BEGIN DATA PROVIDED

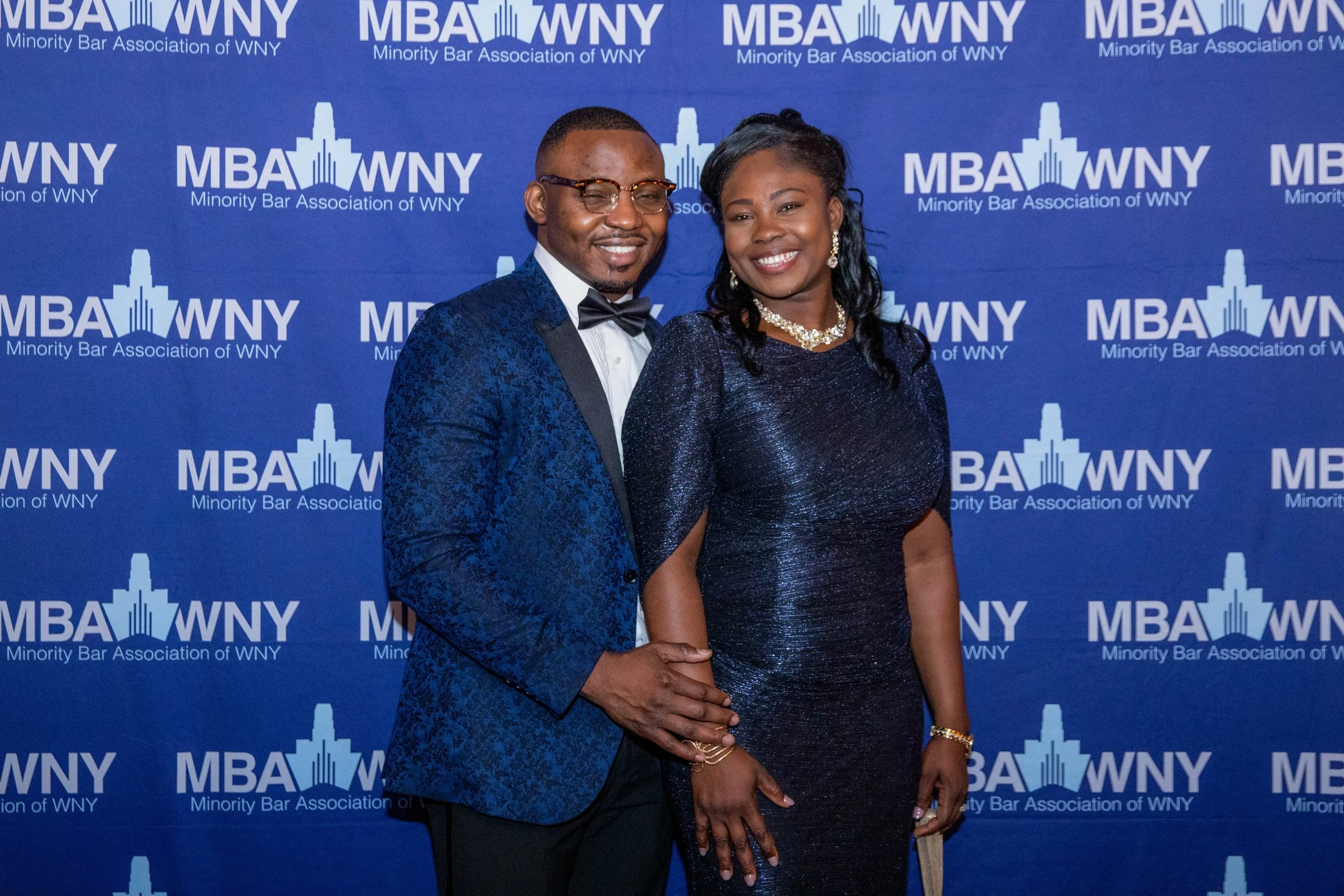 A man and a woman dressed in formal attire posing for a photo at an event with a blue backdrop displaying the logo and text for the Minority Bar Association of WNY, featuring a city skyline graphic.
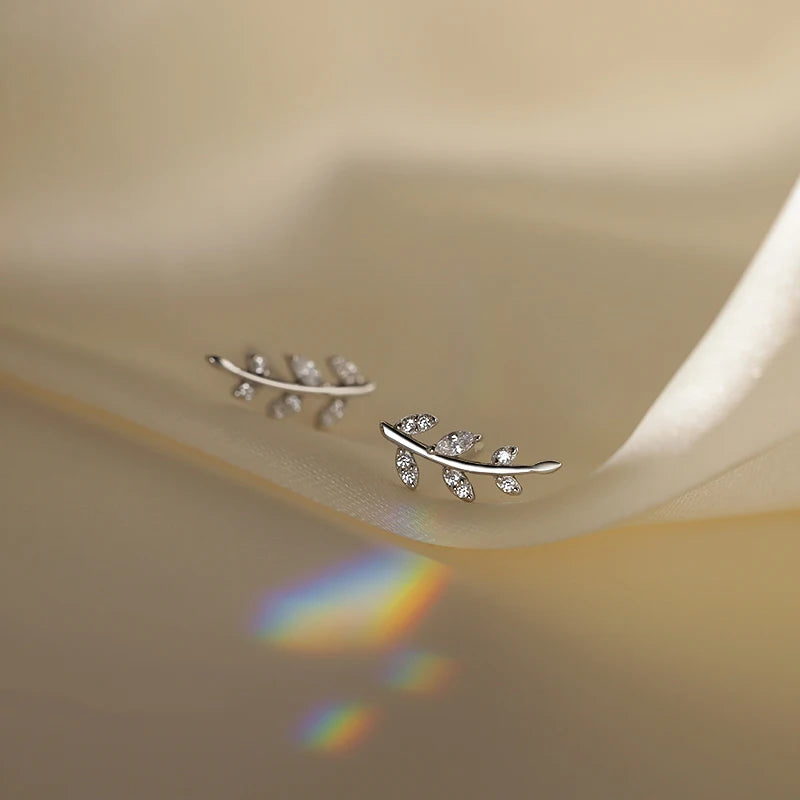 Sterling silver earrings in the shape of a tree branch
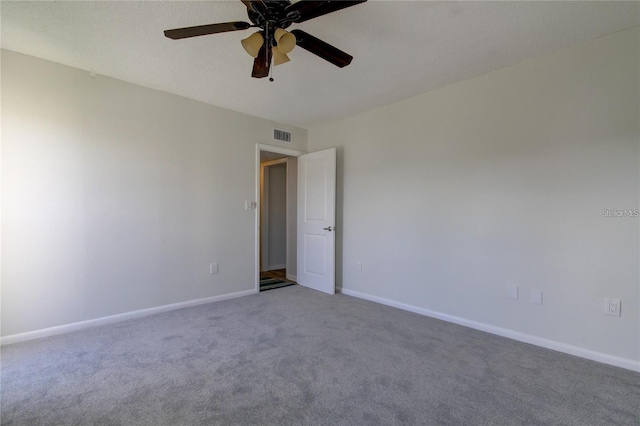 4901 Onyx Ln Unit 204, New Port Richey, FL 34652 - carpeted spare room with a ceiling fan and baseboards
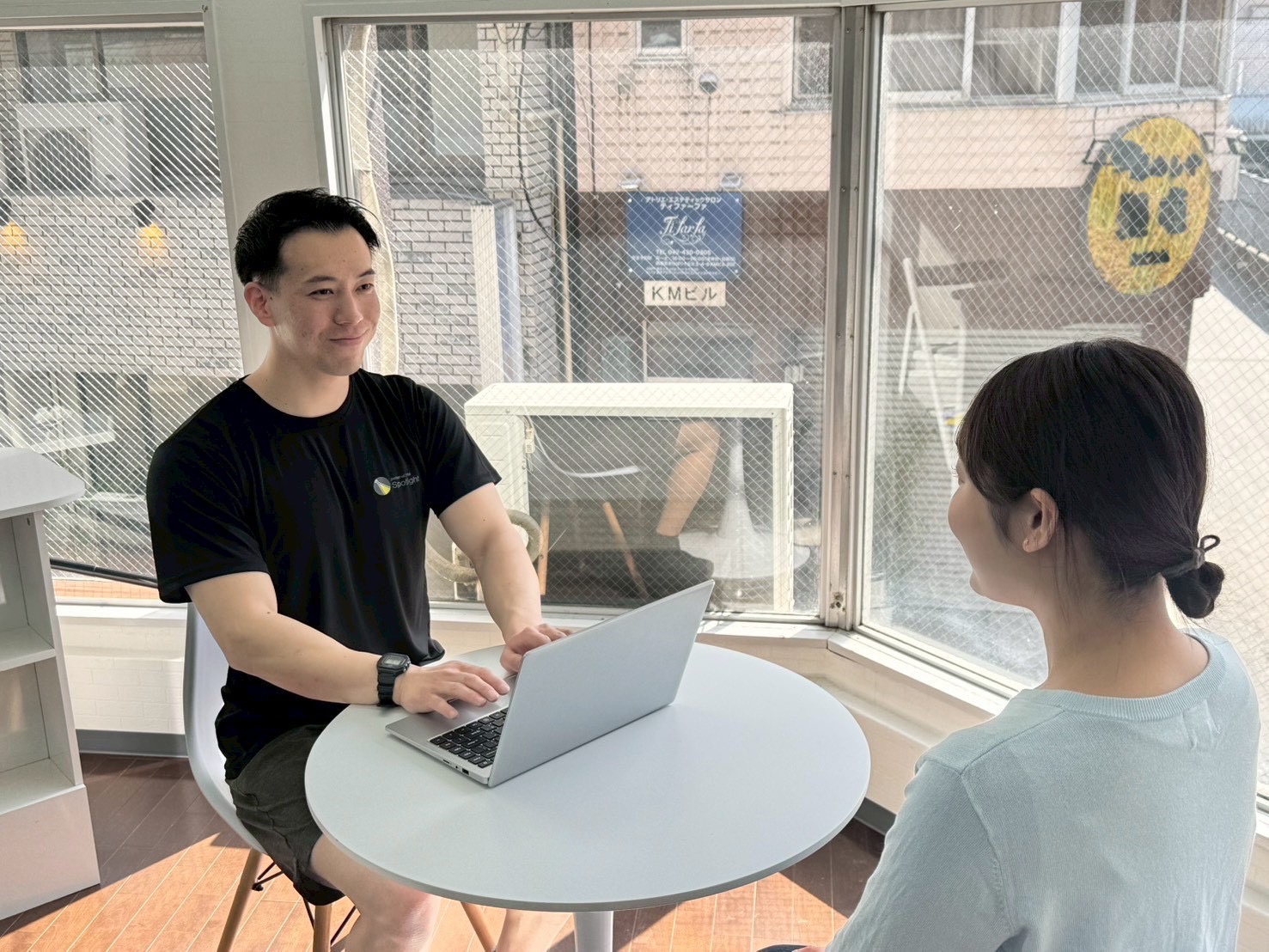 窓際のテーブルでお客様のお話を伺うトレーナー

END DATA PROVIDED

* _WORK ITEM_: Copy out exactly the lines from the one with "4901 Onyx Ln" through the end of the listing, both ends included, omitting any picture.

* _WRITTEN RESPONSE_:
 4901 Onyx Ln Unit 204, New Port Richey, FL 34652 - carpeted spare room with a ceiling fan and baseboards
 窓際のテーブルでお客様のお話を伺うトレーナー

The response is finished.